It should be underlined here that the use of statistical moments to describe a stochastic variable besides its mean value allows for obtaining insight into the statistical behavior of the variable, avoiding the complexity of the direct use of the associated pdf (probability density function). The use of higher moments has already been considered with success in the past (e.g., [16]). In the present work, since simplicity is a top priority, it was decided to proceed with caution, including, at least at this pioneering stage, the first and second moments. In fact, the obtained results did not indicate a need that we should go further.

Concerning the atmospheric conditions, the upwind speed and wind direction are expected to be critically affecting the pollutant dispersion in air. Other atmospheric parameters could play a role, especially in cases where the atmospheric stability is non-neutral. In this case, the thermal effects might be important. Parameters that can reveal such an effect and can be measured online are the air temperature and humidity and the solar irradiation. It is noted that the urban canopy enhances the generation of air turbulence, leading the phenomena towards neutrality and reducing the importance of the latter parameters. For the present case study, the wind speed and wind direction provided by the anemometer online during the event are considered as the first input variables.

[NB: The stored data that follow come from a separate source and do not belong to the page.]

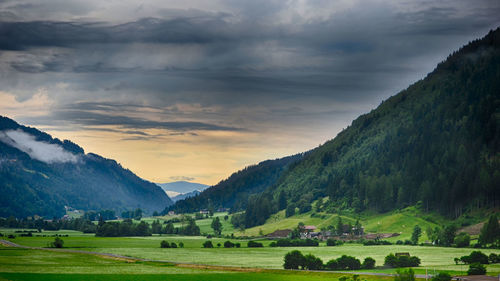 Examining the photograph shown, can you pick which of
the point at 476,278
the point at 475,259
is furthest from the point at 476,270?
the point at 475,259

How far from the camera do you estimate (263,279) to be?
13925 centimetres

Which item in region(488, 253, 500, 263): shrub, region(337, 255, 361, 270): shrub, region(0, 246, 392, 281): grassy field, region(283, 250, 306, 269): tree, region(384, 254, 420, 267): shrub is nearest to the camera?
region(0, 246, 392, 281): grassy field

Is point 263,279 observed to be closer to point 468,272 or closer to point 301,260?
point 301,260

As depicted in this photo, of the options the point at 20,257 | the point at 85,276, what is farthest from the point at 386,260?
the point at 20,257

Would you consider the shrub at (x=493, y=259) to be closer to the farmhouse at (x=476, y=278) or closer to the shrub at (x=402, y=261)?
the shrub at (x=402, y=261)

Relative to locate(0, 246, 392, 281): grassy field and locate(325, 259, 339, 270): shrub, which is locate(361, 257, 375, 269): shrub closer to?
locate(325, 259, 339, 270): shrub

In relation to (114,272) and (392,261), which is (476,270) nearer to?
(392,261)

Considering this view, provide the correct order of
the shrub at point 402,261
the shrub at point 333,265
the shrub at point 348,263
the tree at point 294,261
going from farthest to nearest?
1. the shrub at point 402,261
2. the tree at point 294,261
3. the shrub at point 348,263
4. the shrub at point 333,265

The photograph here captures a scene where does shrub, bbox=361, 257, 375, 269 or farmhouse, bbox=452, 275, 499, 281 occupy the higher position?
shrub, bbox=361, 257, 375, 269

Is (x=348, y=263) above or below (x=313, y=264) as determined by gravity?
above

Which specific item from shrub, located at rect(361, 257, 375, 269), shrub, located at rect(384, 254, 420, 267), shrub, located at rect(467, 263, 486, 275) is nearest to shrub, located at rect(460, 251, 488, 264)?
shrub, located at rect(384, 254, 420, 267)

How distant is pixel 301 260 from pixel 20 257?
82488mm

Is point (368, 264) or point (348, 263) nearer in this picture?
point (348, 263)

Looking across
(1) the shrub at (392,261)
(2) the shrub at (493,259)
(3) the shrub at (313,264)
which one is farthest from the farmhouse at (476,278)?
(3) the shrub at (313,264) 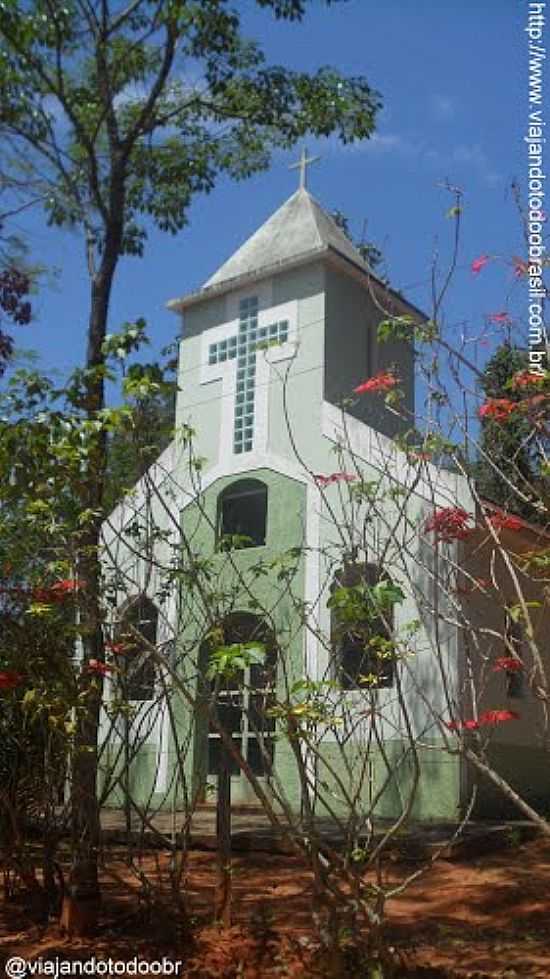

Concerning the site morphology, one could think of variables related to the site topography. However, in an urban microenvironment with a complex canopy, this exercise is not straightforward. Looking at the relative positions of the source vs. the sensors as well as the buildings and streets in between, the morphology effect is expected to be different for different wind patterns. Therefore, looking for variables describing morphology in a more realistic way, the geometry, of course, needs to be present, but what is also important is how this geometry interacts with the atmospheric conditions to guide the pollutant movement from the source towards the sensor. The plausible approach here is to ask for help from models dealing with airflow and dispersion. The prerequisite is that such models can read the ground geometry as detailed as possible. The use of CFD-RANS models seems to be the first good choice to meet such an objective.

Along these lines, a new variable is proposed called the Exposure Burden Index (EBI), defined as follows: let us assume an arbitrary continuous but constant tracer release rate (Q) from the source location under consideration with a given wind pattern. With the aid of an appropriate flow and dispersion model, we can estimate a steady-state concentration (CSM) at the sensor location. Then, for a specific sensor, EBI is given by the following relationship:

E B I = \frac{C S M}{Q}

(2)

Such a parameter is directly related to the real D/QT from an instantaneous (puff) release [8] and brings up in a relatively simple way the geometry influence and its interaction with the surrounding air with its wind fluctuations, affecting the fate of the real cloud from the source to the sensor.

A rapid methodology to estimate CSM has been recently developed [9], where all necessary details are given. The CSM estimation for the present case study is discussed below.

It should be noticed from the beginning that for a puff release, the event time interval (T_event), starting with the onset of the release and ending when the cloud ceases to be observed by all sensors, is of relevance. It is noted that we are only interested in what happens within T_event, and therefore this time interval determines the range of the required parameterization.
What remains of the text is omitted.